* TASK REQUIREMENTS
Exactly as they appear below, repeat the lines from the one with "andy Murray della" through the one with "スポーツスターをロングフォークチョッパー風カスタム。キャリパーは", and no others.

(Items from a data source)
== == ==

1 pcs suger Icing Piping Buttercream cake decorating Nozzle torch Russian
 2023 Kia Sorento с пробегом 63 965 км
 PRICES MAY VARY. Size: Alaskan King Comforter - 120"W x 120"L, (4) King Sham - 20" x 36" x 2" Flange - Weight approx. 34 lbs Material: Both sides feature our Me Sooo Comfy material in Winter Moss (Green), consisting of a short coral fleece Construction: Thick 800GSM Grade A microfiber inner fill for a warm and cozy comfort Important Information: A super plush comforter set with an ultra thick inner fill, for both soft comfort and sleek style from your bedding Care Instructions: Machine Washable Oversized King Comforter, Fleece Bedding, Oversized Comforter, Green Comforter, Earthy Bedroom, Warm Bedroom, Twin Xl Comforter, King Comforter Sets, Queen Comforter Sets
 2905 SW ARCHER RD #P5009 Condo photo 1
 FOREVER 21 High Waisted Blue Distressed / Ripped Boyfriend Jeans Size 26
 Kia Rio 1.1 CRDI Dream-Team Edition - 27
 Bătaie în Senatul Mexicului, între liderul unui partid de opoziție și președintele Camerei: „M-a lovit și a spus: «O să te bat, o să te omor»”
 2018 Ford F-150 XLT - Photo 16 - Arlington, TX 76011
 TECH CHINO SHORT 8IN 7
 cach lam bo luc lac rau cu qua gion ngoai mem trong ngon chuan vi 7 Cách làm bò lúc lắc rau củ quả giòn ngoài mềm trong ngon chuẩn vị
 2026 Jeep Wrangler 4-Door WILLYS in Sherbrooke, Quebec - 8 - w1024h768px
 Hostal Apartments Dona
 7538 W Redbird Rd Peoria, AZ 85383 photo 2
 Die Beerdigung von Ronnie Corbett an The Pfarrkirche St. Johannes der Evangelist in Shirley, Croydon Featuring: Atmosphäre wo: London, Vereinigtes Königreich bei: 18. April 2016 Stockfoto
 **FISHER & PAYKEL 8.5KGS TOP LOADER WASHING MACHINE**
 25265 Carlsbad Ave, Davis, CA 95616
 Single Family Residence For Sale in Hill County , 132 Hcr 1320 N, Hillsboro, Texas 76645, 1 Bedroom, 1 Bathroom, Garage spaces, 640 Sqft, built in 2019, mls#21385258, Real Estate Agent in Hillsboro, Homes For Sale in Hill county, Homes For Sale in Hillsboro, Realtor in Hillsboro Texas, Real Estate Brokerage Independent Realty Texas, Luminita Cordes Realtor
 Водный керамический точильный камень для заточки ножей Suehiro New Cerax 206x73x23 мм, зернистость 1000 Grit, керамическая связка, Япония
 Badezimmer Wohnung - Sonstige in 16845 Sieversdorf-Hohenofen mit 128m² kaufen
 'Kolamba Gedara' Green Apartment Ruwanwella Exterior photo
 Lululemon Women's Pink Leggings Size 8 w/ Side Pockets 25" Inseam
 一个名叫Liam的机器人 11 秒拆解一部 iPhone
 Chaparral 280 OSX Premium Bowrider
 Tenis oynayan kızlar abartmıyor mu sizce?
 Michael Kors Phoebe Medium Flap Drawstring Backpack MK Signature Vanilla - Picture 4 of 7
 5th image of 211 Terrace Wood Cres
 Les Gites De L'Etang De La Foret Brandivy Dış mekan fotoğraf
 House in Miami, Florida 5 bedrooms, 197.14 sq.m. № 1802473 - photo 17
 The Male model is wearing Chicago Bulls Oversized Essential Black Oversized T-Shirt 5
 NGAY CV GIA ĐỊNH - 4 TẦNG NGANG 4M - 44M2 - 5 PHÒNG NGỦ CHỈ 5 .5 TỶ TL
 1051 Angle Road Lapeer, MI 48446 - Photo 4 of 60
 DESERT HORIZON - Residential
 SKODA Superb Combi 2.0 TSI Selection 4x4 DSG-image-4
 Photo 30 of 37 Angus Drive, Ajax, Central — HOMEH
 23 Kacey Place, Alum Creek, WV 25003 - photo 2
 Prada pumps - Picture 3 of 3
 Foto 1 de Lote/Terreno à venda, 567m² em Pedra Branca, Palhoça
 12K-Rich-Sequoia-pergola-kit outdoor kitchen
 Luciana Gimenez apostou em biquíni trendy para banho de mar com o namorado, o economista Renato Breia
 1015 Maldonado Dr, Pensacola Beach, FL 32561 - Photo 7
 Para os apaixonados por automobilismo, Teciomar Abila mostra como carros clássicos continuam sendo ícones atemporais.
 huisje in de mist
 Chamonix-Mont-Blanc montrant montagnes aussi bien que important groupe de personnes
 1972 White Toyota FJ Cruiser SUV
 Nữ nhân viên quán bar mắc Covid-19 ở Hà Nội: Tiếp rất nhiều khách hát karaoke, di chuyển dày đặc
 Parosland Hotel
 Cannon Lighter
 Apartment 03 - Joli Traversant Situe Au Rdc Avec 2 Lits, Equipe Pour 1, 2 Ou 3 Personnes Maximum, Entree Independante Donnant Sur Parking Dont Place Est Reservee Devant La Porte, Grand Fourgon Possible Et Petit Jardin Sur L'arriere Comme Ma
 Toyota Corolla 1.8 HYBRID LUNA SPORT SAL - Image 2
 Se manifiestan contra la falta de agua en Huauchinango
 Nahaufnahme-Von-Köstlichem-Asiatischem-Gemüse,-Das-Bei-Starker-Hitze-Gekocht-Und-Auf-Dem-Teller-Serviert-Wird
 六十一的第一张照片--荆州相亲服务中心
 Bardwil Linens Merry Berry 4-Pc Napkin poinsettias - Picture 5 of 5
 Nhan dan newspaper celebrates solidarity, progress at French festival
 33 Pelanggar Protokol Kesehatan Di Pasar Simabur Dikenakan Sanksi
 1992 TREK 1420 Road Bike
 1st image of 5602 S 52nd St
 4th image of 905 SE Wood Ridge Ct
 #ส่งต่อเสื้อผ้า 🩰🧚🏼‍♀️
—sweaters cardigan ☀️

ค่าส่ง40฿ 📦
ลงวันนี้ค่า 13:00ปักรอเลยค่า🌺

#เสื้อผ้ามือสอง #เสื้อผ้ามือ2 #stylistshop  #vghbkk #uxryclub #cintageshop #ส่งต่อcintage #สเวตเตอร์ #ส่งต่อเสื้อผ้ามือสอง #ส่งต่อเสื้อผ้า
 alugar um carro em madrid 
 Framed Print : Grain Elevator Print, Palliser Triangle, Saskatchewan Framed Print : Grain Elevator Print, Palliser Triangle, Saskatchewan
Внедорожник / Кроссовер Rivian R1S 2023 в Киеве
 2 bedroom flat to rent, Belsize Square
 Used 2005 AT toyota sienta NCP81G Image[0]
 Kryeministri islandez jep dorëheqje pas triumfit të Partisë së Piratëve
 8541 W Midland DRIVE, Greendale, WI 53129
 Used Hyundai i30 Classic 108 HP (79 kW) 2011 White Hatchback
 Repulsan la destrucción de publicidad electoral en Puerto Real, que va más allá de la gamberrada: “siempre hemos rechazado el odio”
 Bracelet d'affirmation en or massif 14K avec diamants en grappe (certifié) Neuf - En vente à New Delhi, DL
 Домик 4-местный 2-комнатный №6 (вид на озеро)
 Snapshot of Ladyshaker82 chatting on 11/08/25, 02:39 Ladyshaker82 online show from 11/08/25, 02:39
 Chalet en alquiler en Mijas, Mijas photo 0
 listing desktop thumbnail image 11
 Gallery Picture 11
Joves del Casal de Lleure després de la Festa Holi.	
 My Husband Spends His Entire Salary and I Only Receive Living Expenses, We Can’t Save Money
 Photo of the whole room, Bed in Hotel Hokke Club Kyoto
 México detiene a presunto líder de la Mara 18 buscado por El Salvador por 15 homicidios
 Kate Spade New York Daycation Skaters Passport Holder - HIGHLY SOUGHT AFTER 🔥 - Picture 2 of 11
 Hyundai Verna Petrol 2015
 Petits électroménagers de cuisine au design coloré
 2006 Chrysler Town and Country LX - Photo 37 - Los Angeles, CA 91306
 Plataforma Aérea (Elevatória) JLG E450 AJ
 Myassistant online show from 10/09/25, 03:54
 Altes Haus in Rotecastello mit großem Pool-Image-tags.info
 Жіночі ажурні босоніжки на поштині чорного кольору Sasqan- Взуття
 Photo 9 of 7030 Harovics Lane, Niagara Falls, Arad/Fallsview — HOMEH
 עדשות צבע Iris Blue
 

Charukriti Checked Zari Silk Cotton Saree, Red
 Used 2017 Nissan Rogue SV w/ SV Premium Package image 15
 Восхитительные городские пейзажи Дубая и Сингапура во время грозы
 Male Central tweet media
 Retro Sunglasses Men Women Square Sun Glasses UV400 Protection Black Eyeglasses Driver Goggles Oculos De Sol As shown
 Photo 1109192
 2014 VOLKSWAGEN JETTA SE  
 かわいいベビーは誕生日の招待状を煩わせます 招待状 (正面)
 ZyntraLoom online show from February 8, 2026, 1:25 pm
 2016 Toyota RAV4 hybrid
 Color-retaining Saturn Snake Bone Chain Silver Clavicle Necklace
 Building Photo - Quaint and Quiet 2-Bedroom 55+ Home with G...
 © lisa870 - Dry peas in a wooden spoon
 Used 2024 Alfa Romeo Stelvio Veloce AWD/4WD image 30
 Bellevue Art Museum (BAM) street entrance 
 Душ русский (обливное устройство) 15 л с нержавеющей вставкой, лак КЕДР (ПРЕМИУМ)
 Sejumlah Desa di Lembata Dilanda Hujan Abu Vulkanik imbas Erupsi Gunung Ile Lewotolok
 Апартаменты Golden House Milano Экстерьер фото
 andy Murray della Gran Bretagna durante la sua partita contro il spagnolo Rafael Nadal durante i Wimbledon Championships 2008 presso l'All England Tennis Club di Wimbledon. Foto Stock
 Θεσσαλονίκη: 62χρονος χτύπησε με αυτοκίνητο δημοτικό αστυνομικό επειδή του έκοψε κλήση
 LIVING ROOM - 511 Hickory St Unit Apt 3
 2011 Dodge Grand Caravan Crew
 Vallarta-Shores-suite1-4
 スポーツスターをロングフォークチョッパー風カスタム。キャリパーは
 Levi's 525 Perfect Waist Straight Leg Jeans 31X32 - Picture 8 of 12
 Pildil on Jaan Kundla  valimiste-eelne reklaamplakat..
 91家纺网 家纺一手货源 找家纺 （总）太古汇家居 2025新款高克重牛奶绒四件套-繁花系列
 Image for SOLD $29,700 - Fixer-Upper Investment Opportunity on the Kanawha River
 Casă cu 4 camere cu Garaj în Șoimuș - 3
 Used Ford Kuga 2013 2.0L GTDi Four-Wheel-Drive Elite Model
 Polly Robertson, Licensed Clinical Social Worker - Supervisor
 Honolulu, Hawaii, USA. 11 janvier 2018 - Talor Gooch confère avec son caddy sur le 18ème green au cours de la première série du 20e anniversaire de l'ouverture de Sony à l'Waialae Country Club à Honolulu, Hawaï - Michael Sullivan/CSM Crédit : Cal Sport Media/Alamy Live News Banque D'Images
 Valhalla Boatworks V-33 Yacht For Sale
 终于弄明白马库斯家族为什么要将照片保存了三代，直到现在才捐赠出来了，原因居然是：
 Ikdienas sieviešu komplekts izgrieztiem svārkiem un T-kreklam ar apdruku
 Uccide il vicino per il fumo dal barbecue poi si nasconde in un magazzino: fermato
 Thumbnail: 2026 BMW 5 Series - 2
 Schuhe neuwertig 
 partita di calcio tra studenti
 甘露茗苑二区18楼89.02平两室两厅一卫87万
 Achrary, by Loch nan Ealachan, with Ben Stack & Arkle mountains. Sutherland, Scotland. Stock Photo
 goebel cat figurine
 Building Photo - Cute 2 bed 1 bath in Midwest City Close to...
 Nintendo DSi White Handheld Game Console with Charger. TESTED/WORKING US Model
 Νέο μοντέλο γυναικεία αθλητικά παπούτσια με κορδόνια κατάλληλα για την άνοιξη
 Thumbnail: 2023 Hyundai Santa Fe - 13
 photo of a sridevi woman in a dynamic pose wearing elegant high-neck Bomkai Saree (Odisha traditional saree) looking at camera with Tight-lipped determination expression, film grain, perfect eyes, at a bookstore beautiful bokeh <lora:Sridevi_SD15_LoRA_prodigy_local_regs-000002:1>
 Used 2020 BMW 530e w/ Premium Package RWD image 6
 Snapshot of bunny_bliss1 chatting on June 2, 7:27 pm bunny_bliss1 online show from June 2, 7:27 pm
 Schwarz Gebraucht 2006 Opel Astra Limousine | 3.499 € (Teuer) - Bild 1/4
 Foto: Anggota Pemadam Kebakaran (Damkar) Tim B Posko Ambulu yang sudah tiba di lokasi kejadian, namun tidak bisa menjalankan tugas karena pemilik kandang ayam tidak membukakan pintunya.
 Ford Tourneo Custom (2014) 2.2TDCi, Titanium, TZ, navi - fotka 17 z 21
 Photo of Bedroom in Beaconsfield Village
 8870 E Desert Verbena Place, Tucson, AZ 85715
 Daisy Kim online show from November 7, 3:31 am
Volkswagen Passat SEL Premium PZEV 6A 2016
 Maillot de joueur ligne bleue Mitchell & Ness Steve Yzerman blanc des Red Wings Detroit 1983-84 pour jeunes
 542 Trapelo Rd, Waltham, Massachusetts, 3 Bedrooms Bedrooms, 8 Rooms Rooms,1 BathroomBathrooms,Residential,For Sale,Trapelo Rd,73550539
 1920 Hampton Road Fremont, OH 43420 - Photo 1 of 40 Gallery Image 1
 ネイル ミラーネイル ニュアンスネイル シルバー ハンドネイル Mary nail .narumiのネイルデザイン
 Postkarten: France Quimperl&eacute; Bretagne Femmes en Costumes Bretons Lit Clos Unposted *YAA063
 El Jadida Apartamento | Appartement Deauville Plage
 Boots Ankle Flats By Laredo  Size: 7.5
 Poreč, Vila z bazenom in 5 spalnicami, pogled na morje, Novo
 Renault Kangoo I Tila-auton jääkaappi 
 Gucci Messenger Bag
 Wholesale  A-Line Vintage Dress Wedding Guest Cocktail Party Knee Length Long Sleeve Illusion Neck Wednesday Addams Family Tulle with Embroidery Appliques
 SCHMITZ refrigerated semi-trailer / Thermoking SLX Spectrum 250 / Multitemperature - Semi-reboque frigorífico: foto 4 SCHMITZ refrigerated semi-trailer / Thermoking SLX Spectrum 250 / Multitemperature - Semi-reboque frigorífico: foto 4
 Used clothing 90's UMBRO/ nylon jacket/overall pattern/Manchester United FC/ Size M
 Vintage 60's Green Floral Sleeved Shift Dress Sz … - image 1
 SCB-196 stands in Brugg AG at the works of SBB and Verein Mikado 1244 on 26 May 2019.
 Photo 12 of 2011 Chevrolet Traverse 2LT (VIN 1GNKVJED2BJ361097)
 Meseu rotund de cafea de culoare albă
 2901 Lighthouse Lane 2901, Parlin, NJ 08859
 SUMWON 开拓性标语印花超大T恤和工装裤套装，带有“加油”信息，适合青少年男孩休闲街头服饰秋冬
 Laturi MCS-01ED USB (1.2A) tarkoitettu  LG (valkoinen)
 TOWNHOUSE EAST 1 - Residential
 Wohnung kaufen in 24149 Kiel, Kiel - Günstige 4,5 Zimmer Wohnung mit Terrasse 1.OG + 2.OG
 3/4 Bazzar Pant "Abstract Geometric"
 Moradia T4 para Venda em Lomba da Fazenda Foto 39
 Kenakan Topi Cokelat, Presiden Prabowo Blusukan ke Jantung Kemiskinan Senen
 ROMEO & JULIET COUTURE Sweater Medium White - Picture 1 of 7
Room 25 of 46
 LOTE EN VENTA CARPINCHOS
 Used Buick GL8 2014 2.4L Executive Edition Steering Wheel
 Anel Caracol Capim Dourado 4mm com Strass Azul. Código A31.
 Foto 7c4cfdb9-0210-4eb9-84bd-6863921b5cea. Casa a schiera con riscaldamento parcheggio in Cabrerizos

== == ==

* SOLUTION TO THE PROBLEM
 andy Murray della Gran Bretagna durante la sua partita contro il spagnolo Rafael Nadal durante i Wimbledon Championships 2008 presso l'All England Tennis Club di Wimbledon. Foto Stock
 Θεσσαλονίκη: 62χρονος χτύπησε με αυτοκίνητο δημοτικό αστυνομικό επειδή του έκοψε κλήση
 LIVING ROOM - 511 Hickory St Unit Apt 3
 2011 Dodge Grand Caravan Crew
 Vallarta-Shores-suite1-4
 スポーツスターをロングフォークチョッパー風カスタム。キャリパーは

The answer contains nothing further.